Stock Return
Total return incl. dividends
About This Calculator
The stock return calculator computes total return including both price appreciation and dividends reinvested. It distinguishes between simple price gain and total return, and annualizes results so you can compare investments of different holding periods on an equal footing.
Formula
Price Return = (End Price − Start Price) / Start Price × 100%
Total Return = (End Price + Dividends Received − Start Price) / Start Price × 100%
Annualized Return = (1 + Total Return/100)^(1/years) − 1
Example Calculation
Buy 100 shares at $40; sell at $55 after 3 years; received $180 in dividends
- Price gain = (55−40)×100 = $1,500
- Total gain = $1,500 + $180 = $1,680
- Total return = $1,680/$4,000 = 42%
- Annualized = (1.42)^(1/3) − 1 = 12.4%/year
Total return: 42%; Annualized: 12.4%/year
Effect of Reinvesting Dividends (20-year period, 3% dividend yield)

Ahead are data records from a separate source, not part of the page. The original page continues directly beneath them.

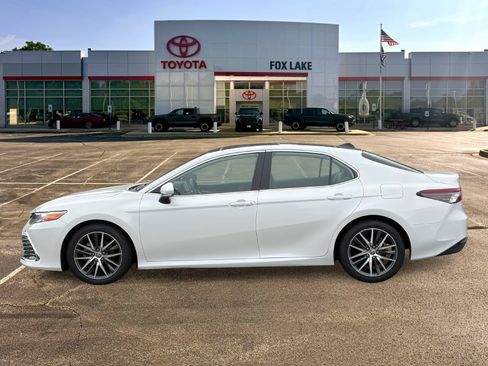 Used 2023 Toyota Camry XLE FWD image 2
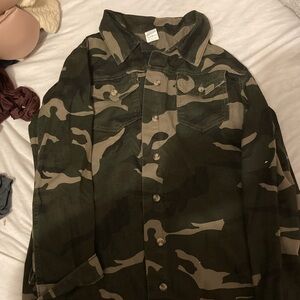 SHEIN Camouflage Utility Jacket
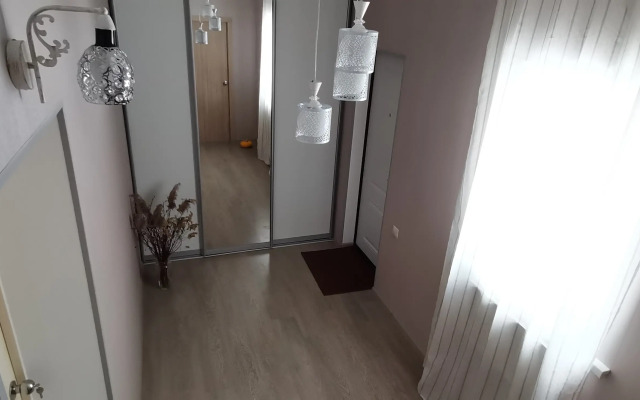 Частный дом на берегу моря с бассейном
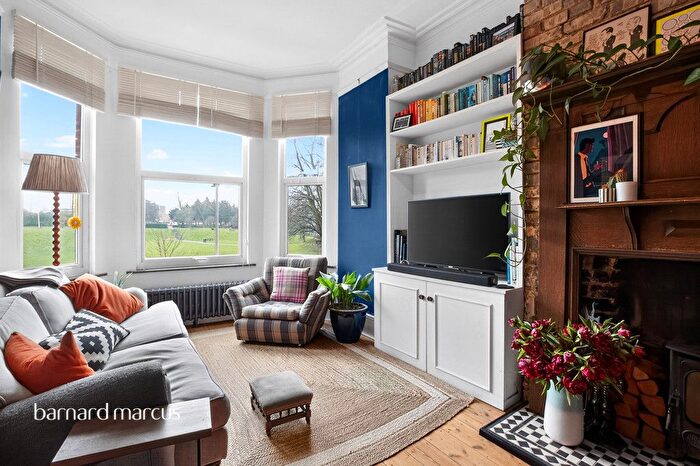 4 Bedroom Flat For Sale In Woodside Road, London, N22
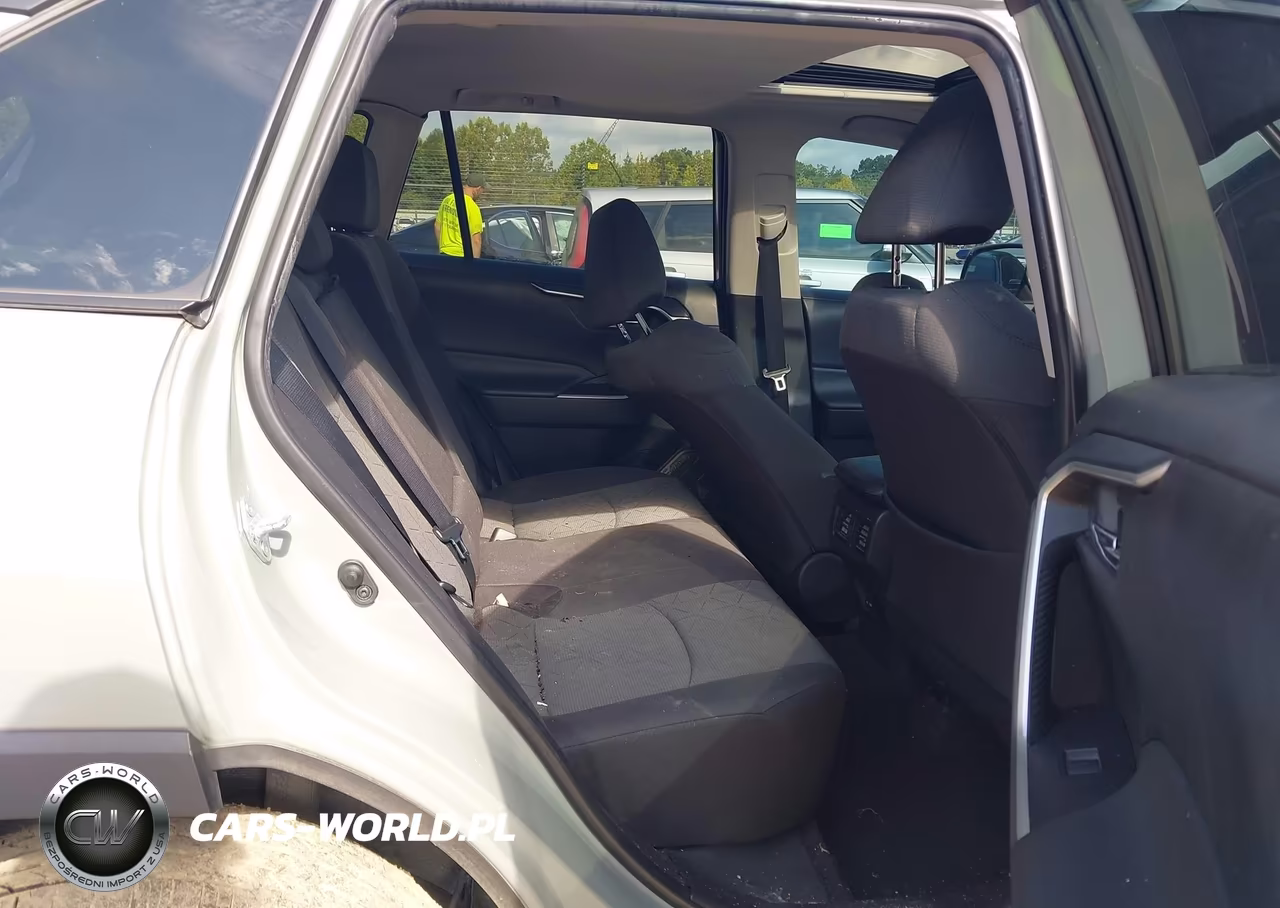 2022 Toyota Rav4 Xle VIN:2T3P1RFV0NW271629 - 8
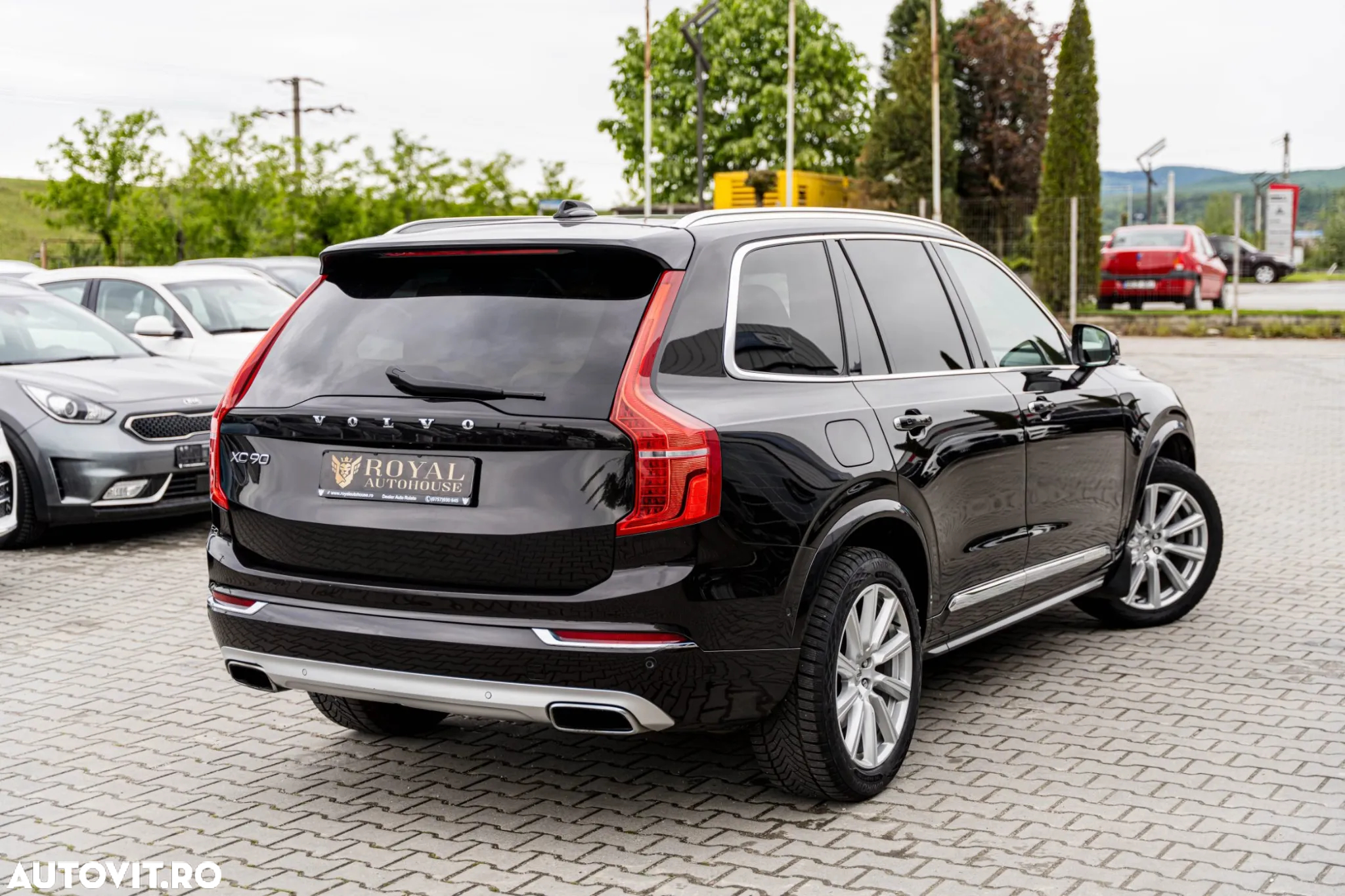 Volvo XC 90 T8 AWD Twin Engine Geartronic Inscription - 4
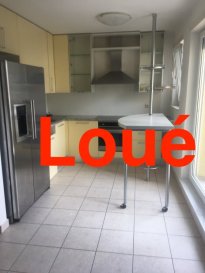 L'agence Immo Camilo  a le plaisir de vous proposer un appartement au 1er étage en location avec 2 chambres à Niederkorn
LOUÉ LOUÉ LOUÉ LOUÉ LOUÉ LOUÉ LOUÉ LOUÉ 
L'appartement est composé comme suit :
Hall d'entrée, living salle à manger avec cuisine équipée ouverte, une salle de bain avec lavabo et WC, balcon, cave, 
un emplacement voiture à l'intérieur, buanderie.
Toutes les fenêtres sont en double vitrage.

Loyer : 1.200 euros
Avance sur les charges : 200 euros
Caution : 2 mois
Frais d'agence : 1 mois de loyer + 17% TVA


Disponibilité: immédiate
Avantages: 
- Rue calme
- A proximité: école, crèche, commerce, transports.

N’hésitez pas à nous contacter pour la mise en vente de votre bien immobilier. Pour plus de renseignements, veuillez contacter Mme. TEIXEIRA au GSM : +352 621 259 311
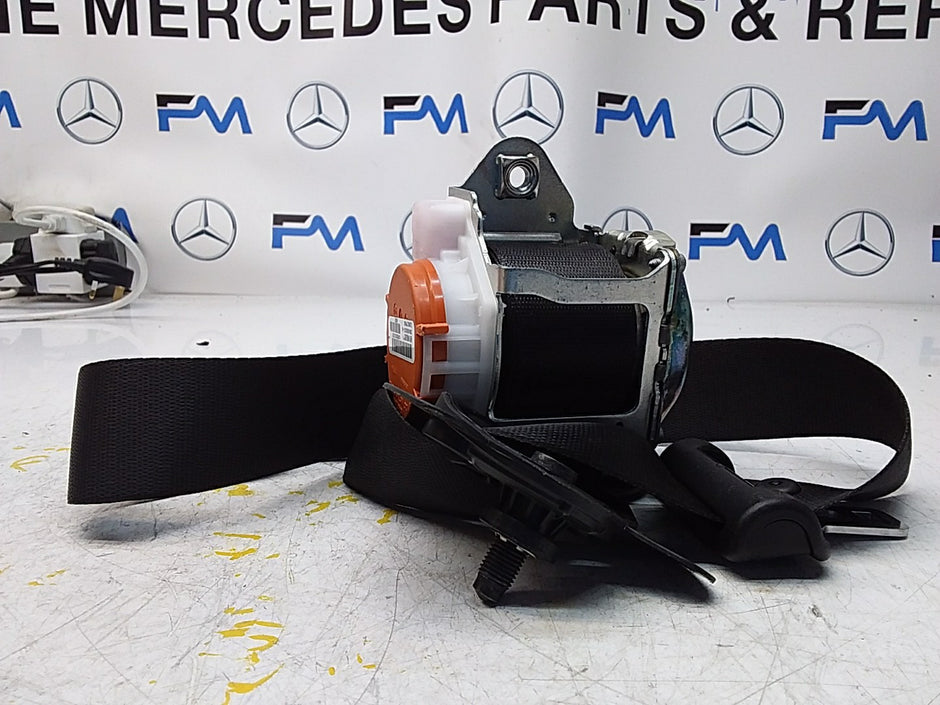 MERCEDES A CLASS  FRONT RIGHT SEAT BELT WITH PRETENSIONER A1778600800 FMS47 OSF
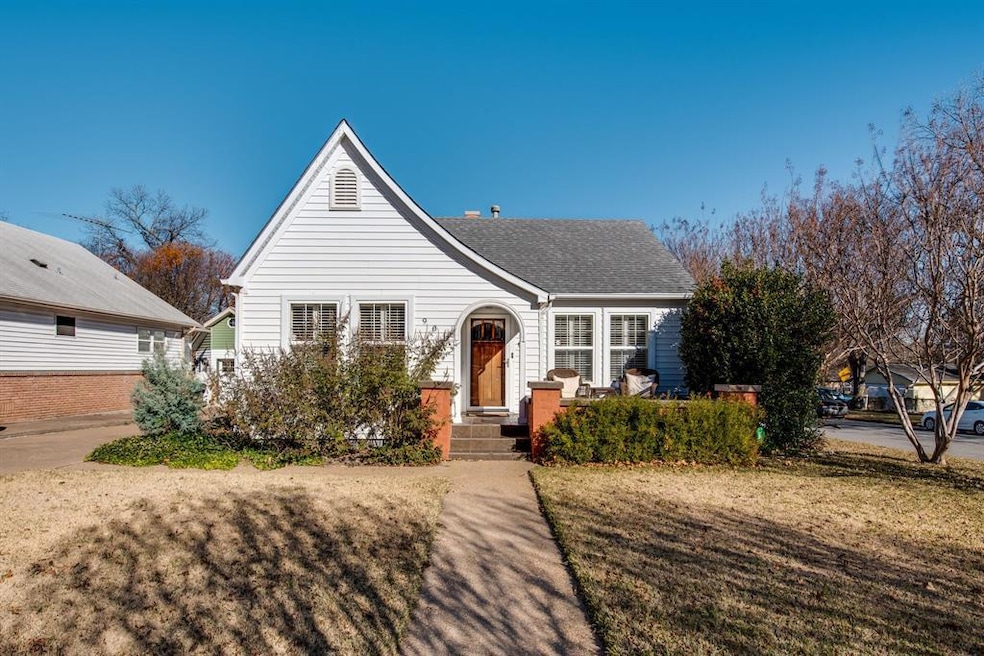 901 W Shepherd St, Denison, TX 75020 - photo 1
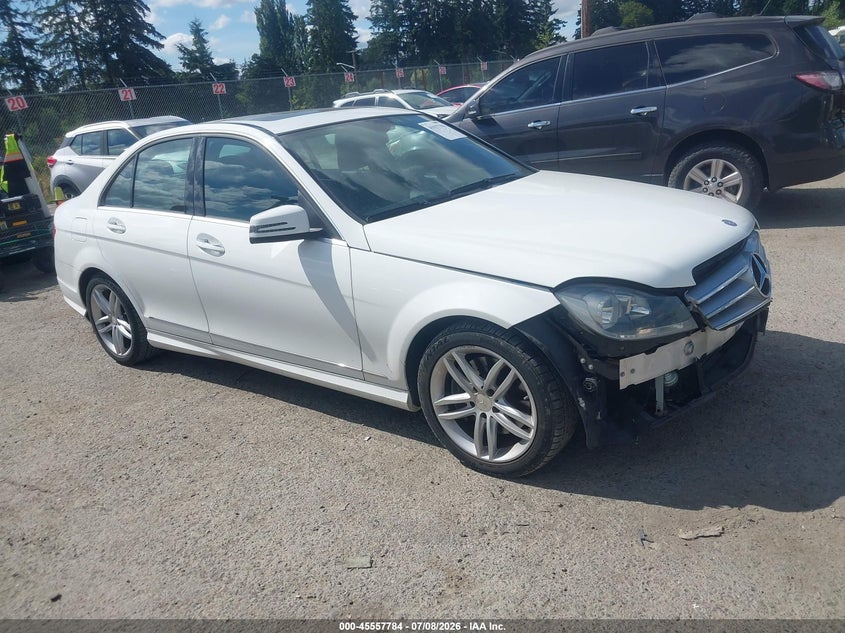2013 Mercedes-benz C-klasse VIN WDDGF8AB3DG076732 IAAI salvage auction — FRONT END, Salvage Title, sold $2,550 on 2026-07-29 (photo 1)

| Strategy | Start | End Value (7% price growth) | Annualized Return |
|---|---|---|---|
| Price only | $10,000 | $38,700 | 7.0% |
| Dividends reinvested | $10,000 | $57,300 | 9.2% |
| Difference | — | $18,600 | 2.2% extra/year |
Frequently Asked Questions
Why is total return more important than price return?
Many stocks pay dividends that represent a significant portion of return. Ignoring dividends understates the true performance. Over 20 years, reinvested dividends can account for 40-50% of total stock market returns.
What is dividend reinvestment?
DRIP (Dividend Reinvestment Plan) automatically uses dividend payments to buy more shares instead of paying cash. This compounds returns — you earn dividends on a growing number of shares — and eliminates the temptation to spend payouts.
What is the difference between realized and unrealized return?
Unrealized return is a paper gain/loss while you still hold the shares. Realized return is what you actually received when you sold. Only realized gains are taxable in most jurisdictions (though there are exceptions for certain account types).
How do stock splits affect return calculations?
Stock splits don't change the actual value of your holding — they increase share count proportionally while reducing price. For example, a 2:1 split doubles your shares at half the price. Historical prices are adjusted to account for splits in return calculations.